Als Osmans Truppen im Jahre 1308 die katalanischen Söldnertruppen der Byzantiner vernichten konnten, ermöglichte dies dem Emir Mehmed Bey, dem Führer des Emirats Aydin, sowie auch dem Fürstentum Karasi, sich im Süden und Südwesten erheblich auszudehnen, sodass Osman der Weg zu größeren Erweiterungen seines Beylik erschwert wurde. Außerdem verfügte Osman noch nicht über geeignete Belagerungswerkzeuge oder die dazu nötigen Fachleute, um eine größere Stadt einzunehmen.

Exkurs: Entwicklung der Heeresstruktur unter Osman I. (688/1289-726/1326)

Der Übergang von Ertoghul zu Osman war entscheidend für das weitere Schicksal der Osmanen und vor allem ihre bedeutsame Heeresstruktur. Vor Osman unterschieden sich die Osmanen nicht von anderen turkmenischen Kriegerverbänden, hatten aber weder finanziell noch technisch die Stufe der mongolischen Heere erreicht.

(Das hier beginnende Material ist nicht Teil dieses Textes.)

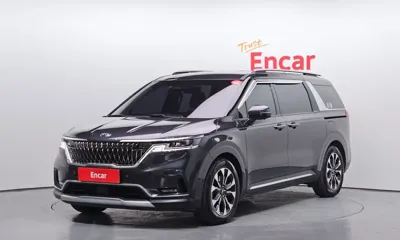 Kia Canival · 2021 год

Osman teilte das Heer in drei Bereiche ein, die bis zur Tanzimatzeit (1839-1876) andauerten: freie, dem Ghazitum verpflichtete leichte Truppen, geordnete, disziplinierte einheimische Truppen und fremdstämmige Truppen. Daraus ergab sich folgendes Bild:

a.) Turkmenische Berufskämpfer anderer Stammesverbände (Ghazi), Einsatz gegen Byzanz,

b.) Griechische und slawische Söldner (beritten und unberitten), vormals in Diensten Byzanz (Gharib), Einsatz auch gegen turkmenische Rivalen,

c.) Turkmenische eigene Stammeskrieger, meist beritten (Speer, Bogen).

Charakteristisch für Osmans Zeit war das völlige Fehlen von Fußsoldaten; bei Belagerungen und ähnlichen Einsätzen stiegen Reiter ab und wurden für Fußtruppen eingesetzt; auch Belagerungstechniken standen ihm noch nicht zur Verfügung.